She could not see Yudin smile, but she heard it in his voice. ‘A fascinating approach to torture, nonetheless. The suspect would be placed in a chair and Chief Secretary Sheshkovsky would engage him in quite friendly conversation. And then at the pull of some unseen lever, the floor of the room would drop away, along with the seat of the chair, and a team of experts would use knouts to beat at the man’s nether regions until they bled.’ He took out a key and unlocked the nearest door, inviting Tamara to enter with an opened hand. ‘And then Sheshkovsky would resume his questioning.’

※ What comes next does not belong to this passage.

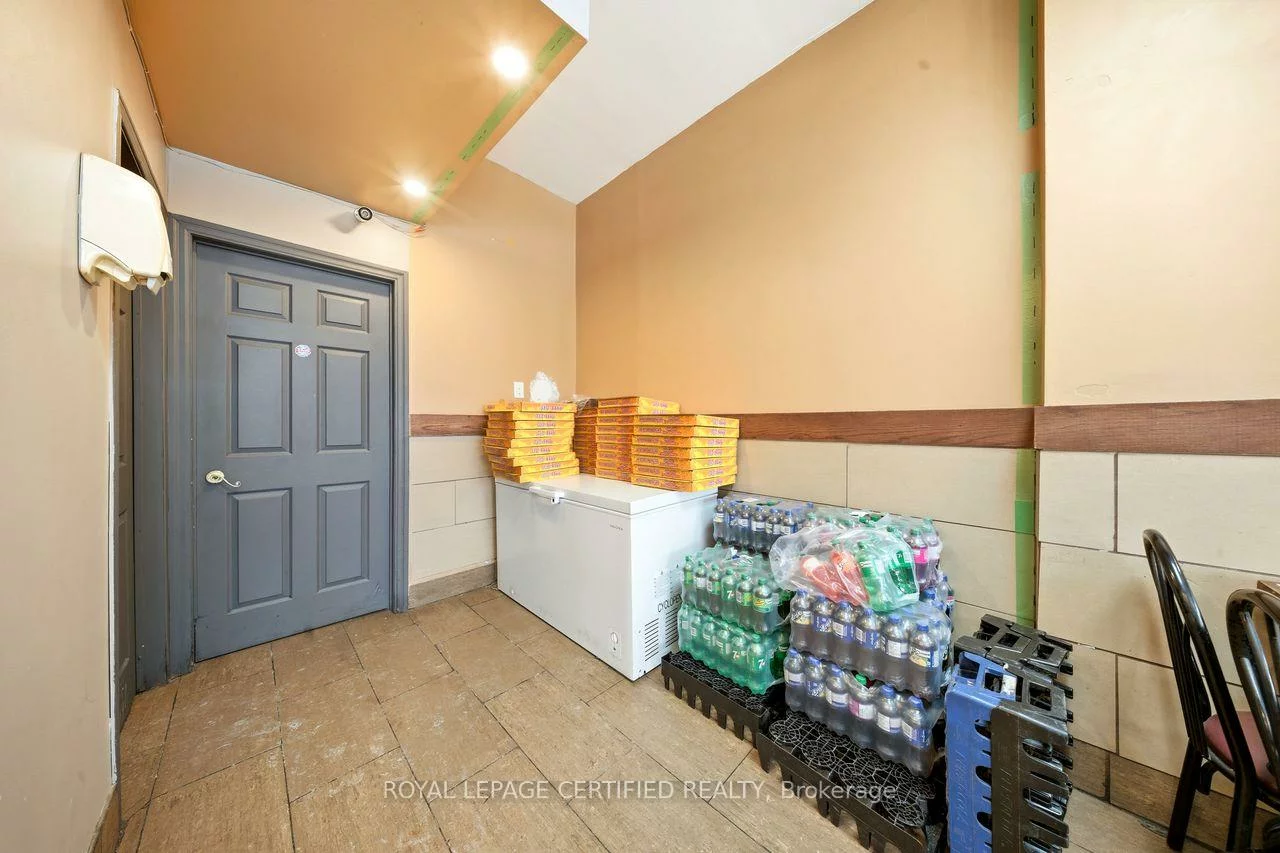 5439, Yonge, Willowdale East, Toronto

Inside, the room – cell would perhaps be a better description – was quite large, certainly in comparison with the corridor they had come from. It contained a single piece of furniture: a solitary chair. Tamara walked cautiously towards it, eyeing the floor as she went, but it seemed solid enough. When she reached the centre of the cell she saw that the chair was not entire – simply a wooden frame from which the seat had been cut out.
‘My re-creation,’ said Yudin. ‘Far simpler – with none of the unwieldy engineering.’
She turned and looked at him. In his hand he held a knout; behind him, on the wall, hung several others. He caressed its three leather strands, each of them tipped with a small lead ball. Tamara knew that he wanted her to show fear, but she did not feel it.
‘They call this a plyet,’ he said. ‘His Majesty – His late Majesty – changed the law to make this form of lash the only one we’re allowed to use.’
‘And you wouldn’t disobey His Majesty,’ said Tamara, eyeing the plethora of different whips on the wall behind him that belied his words.
‘We serve His Majesty.’
‘And I’m sure he approved of everything you have down here.’
‘He didn’t disapprove.’
‘His successor might.’ Tamara glanced at Yudin as she spoke. He seemed to take what she had said in his stride.
Yudin stepped outside again, taking the lamp with him, and the cell was plunged into darkness. By the time Tamara had followed him, he had opened up the door opposite and gone inside. The cell was the same size and shape as the last, but even more sparse – empty at first glance.
‘These chambers go back to Ivan the Third,’ explained Yudin. ‘The features are not entirely original – though the idea dates back even further.’ He glanced upwards and towards the centre of the room. At first, Tamara saw nothing, but then the lamplight caught metalwork and she saw, suspended from eyelets in the ceiling, two sets of iron manacles. Yudin walked towards them and put his hand in the air. He pressed his palm flat against the brickwork above him without even having to fully straighten his elbow. ‘Unfortunately, people are so much taller these days,’ he said.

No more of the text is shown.